The excess-profits-tax law severely discriminates against Sylvania Electric Products, Inc., one of the fastest-growing television manufacturers, and places it in a most unfair competitive position in its industry. The case of Sylvania is a glaring example of the inequities caused by the excess-profits-tax law. Sylvania's television competitors are entitled to compute their excess-profits credit under the growth provisions of section 435 (e) (1) (B) of the Internal

Revenue Code. Our company, however, is denied the use of these growth provisions, though its sales of television picture tubes increased almost 4,000 times between 1946 and 1950 (4 times as fast as industry tube sales). This discrimination results because Sylvania is required to consolidate its own experience with that of two subsidiaires which were liquidated in 1950. Such consolidated experience barely misses the growth tests of section 435 (e) (1) (B).

The subsidiaries were liquidated in the early part of 1950 prior to Korea and, of course, prior to any consideration of the excess-profits-tax law. Under the present tax law, as more fully explained below, Sylvania is unable to qualify for the growth provision on the basis of its own experience because it liquidated its subsidiaries prior to the end of 1950, whereas it would have been permitted to qualify for the growth provision if the liquidation had occurred on or after January 1, 1951. The unjutified discrimination caused by this technicality against Sylvania can be removed by an amendment to section 462 (c) of the Internal Revenue Code, permitting Sylvania to determine eligibility on the basis of its own experience from the adequate separate records it maintains. Appendix 2 contains a draft of a proposed code amendment to accomplish this result.

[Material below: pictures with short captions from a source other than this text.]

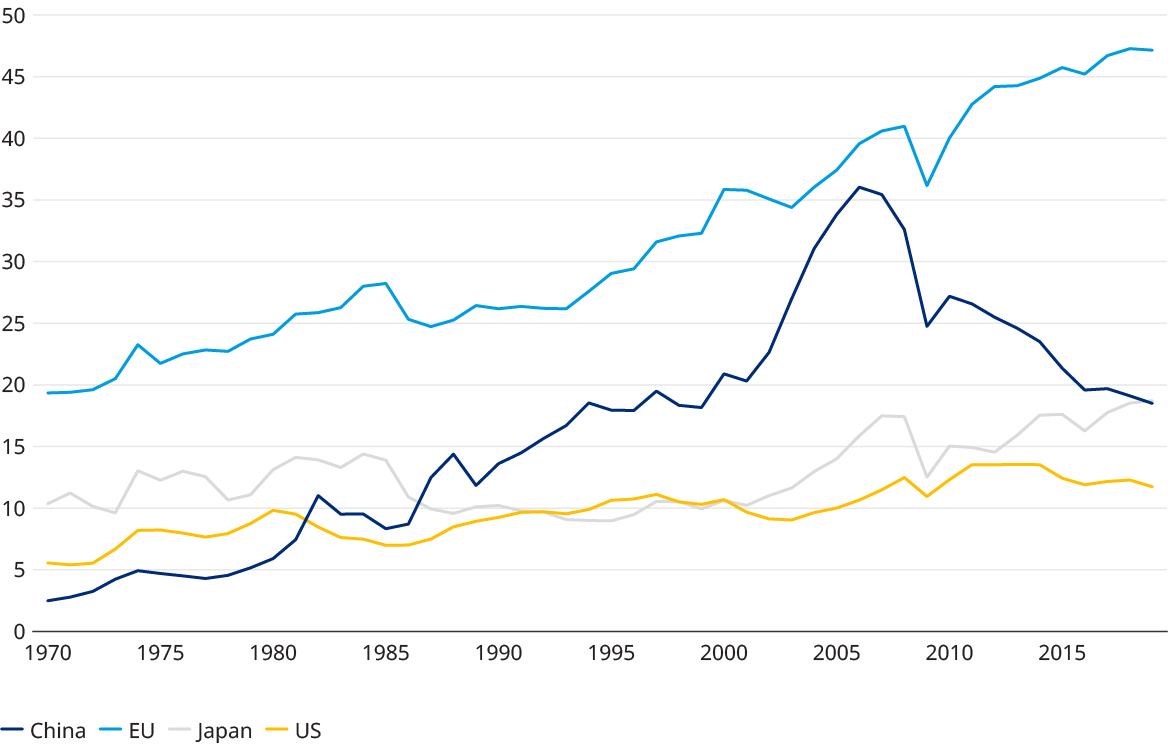 Chart showing rise and decline of economic landscapes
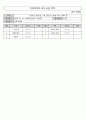 2025년 1분기 운영위원회 회의록 (장기요양기관-요양원, 방문요양,주간보호 운영위원회 회의 활용) - 지도점검, 정기평가 예시자료 5페이지
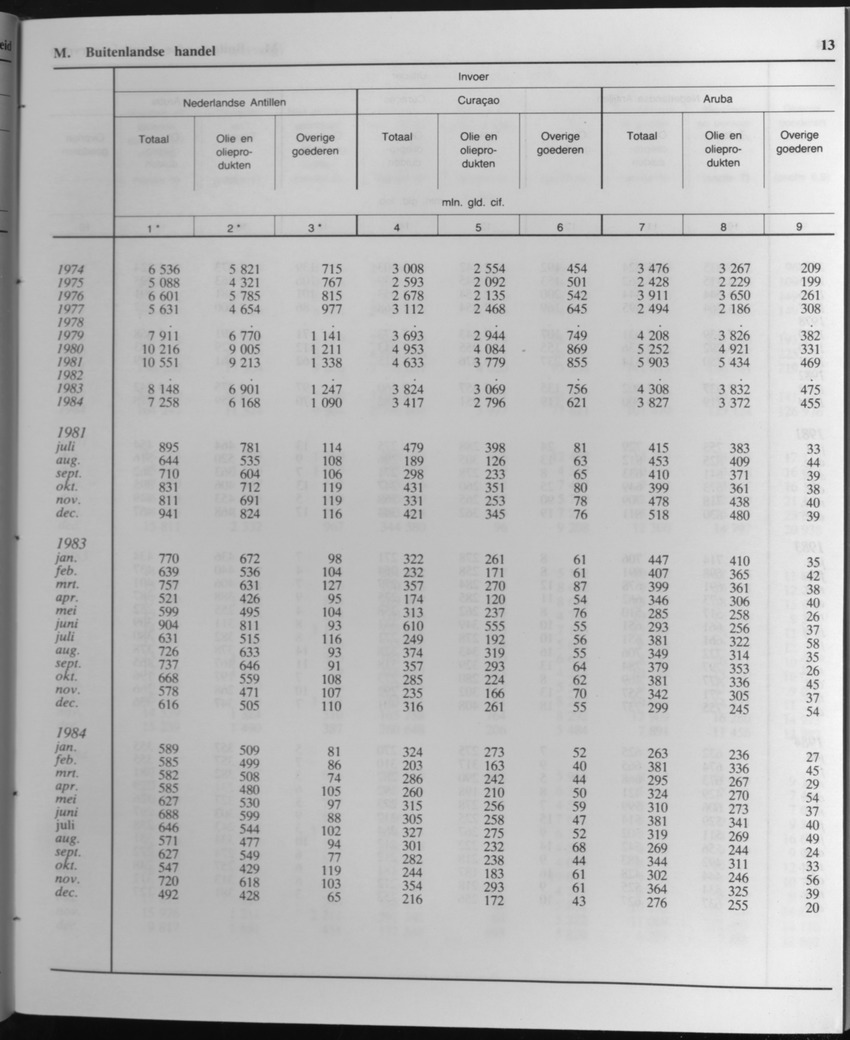 33ste Jaargang No.4 - Oktober 1985 - Page 13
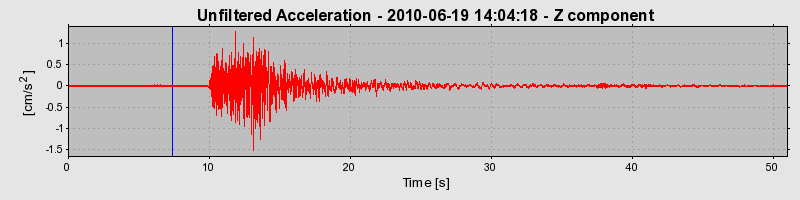 Plot-20170130-11719-11dsi5a-0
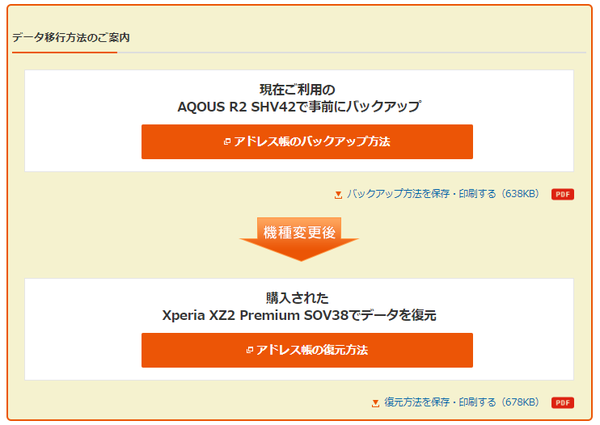 データ移行方法の案内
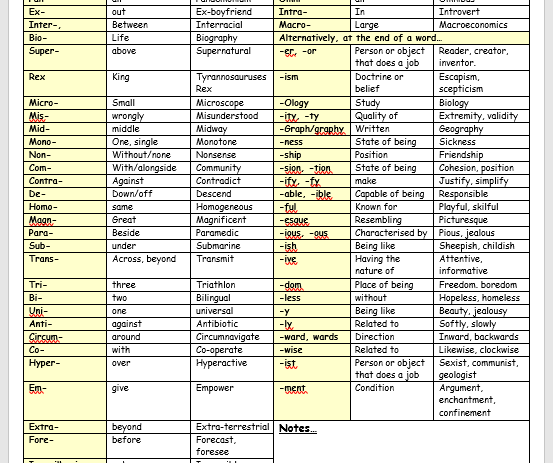 Etymology Worksheet/Guidance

THE PRESENT EXCESS-PROFITS TAX GROSSLY DISCRIMINATES AGAINST SYLVANIA

Without benefit of the growth formula under which other leading firms in the television industry (set manufacturers and their suppliers) compute their excessprofits taxes, Sylvania's effective tax rate exceeds that of any other major television manufacturer. It is greater also than the average effective tax rate of companies operating in other industries. The extent of the disparity between Sylvania's actual tax burden and that of other companies is glaring-whether the comparison is confined to television manufacturers or extends to the average taxpayer in other industries.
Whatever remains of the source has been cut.